You know what I realized in prepping for this session? When it comes to data, we are WAAAAAAAY to concerned about measuring what HR does in the organization. Time to fill, cost per hire, average merit increases, etc. I'm not sure anyone on the business side cares until something's broke. Then, they just want it fixed - they're not even that concerned about seeing the improvement in the metrics that we hold near and dear.
I think the more powerful track when it comes to metrics and data out of the HR function is to measure what's happening in the business, then use what you measure in the business as a reason to partner with the most powerful people in your organization to fix what may be broken.
HR Metrics - everything you measure now to show the efficiency of your HR shop.
Data/Metrics that measure how effective the business is (as well as the managers who run it):
--Hiring Manager Batting Average (how good someone is at selection - as measured by how many people stick)
--Salary Cap Utilization (a better way to talk about budget, and flexibility on budget than FTE counts)

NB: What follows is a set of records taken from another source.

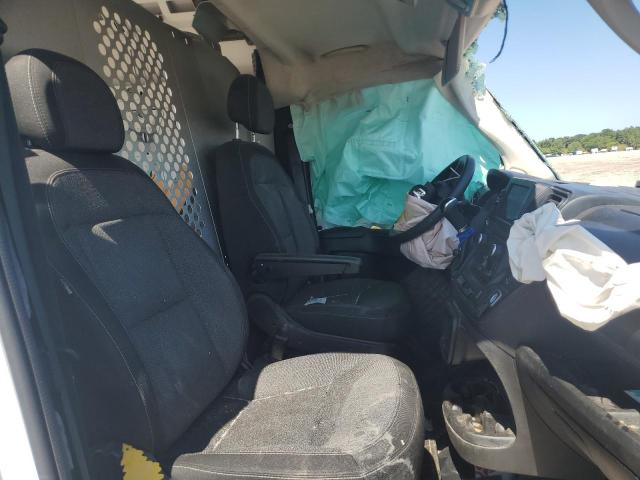 3C6LRVDGXPE503860 - 2023 RAM PROMASTER 2500 HIGH Սպիտակ լուսանկար 7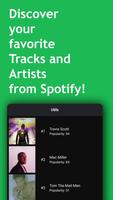 Utiles pour Spotify capture d'écran 1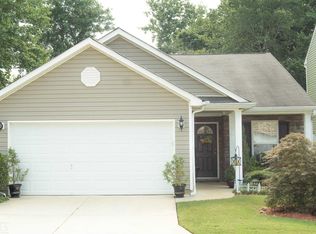 477 Arrowhead Dr, Dallas, GA 30132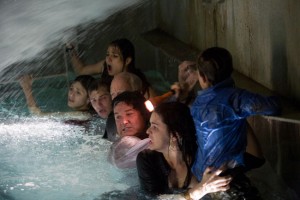 Poseidon'dan Kaçış Fotoğrafı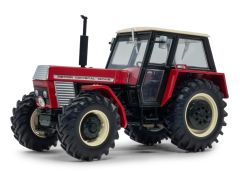 UH6886 - Tracteur limité à 750 pièces - ZETOR Crystal 12045 Génération 2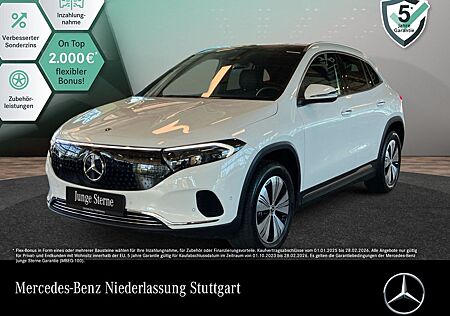 Mercedes-Benz EQA 250 PROGRESSIVE Advanced PLUS Pano/WD/Totw
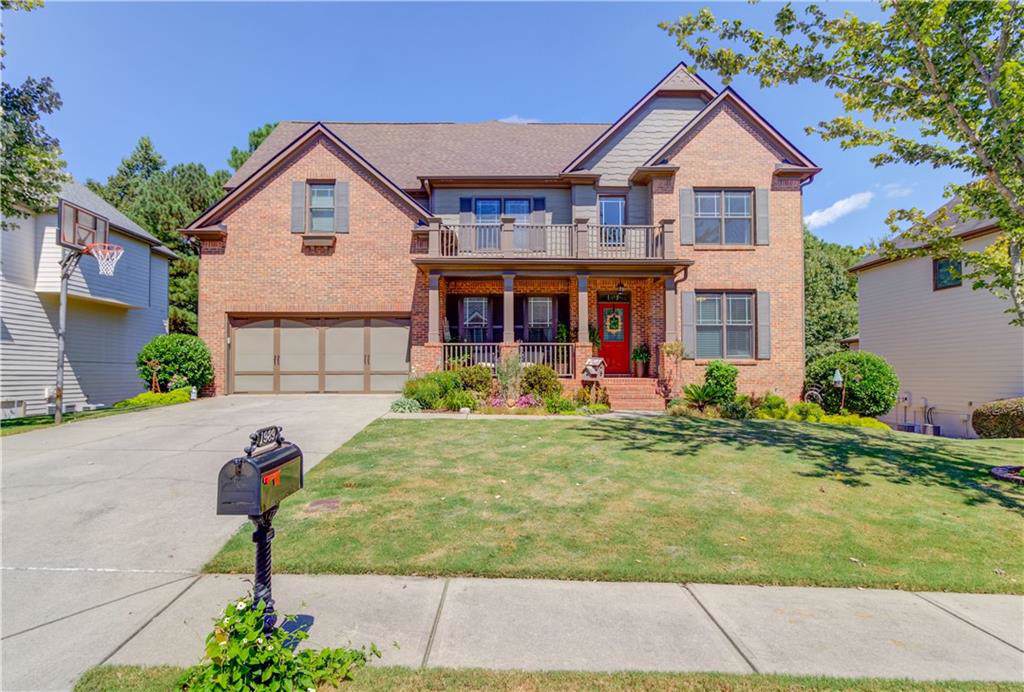 1989 Ambrosia Court - Photo 1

--Revenue Per Employee (which basically sets you up for all the people ways that you can influence revenue above and beyond just firing people...)
--Turnover with a prediction angle (those who have problems with turnover are predicted to have... you guessed it... more turnover in the future)
Vanity is a bitch. Stop reporting about what you are doing and become the data nerd for the business, with a hat tip to the people side.
Nobody cares about time to fill unless there's a problem. Everyone is interested in who the best managers are when it comes to hiring.
Start making your data plays more interesting.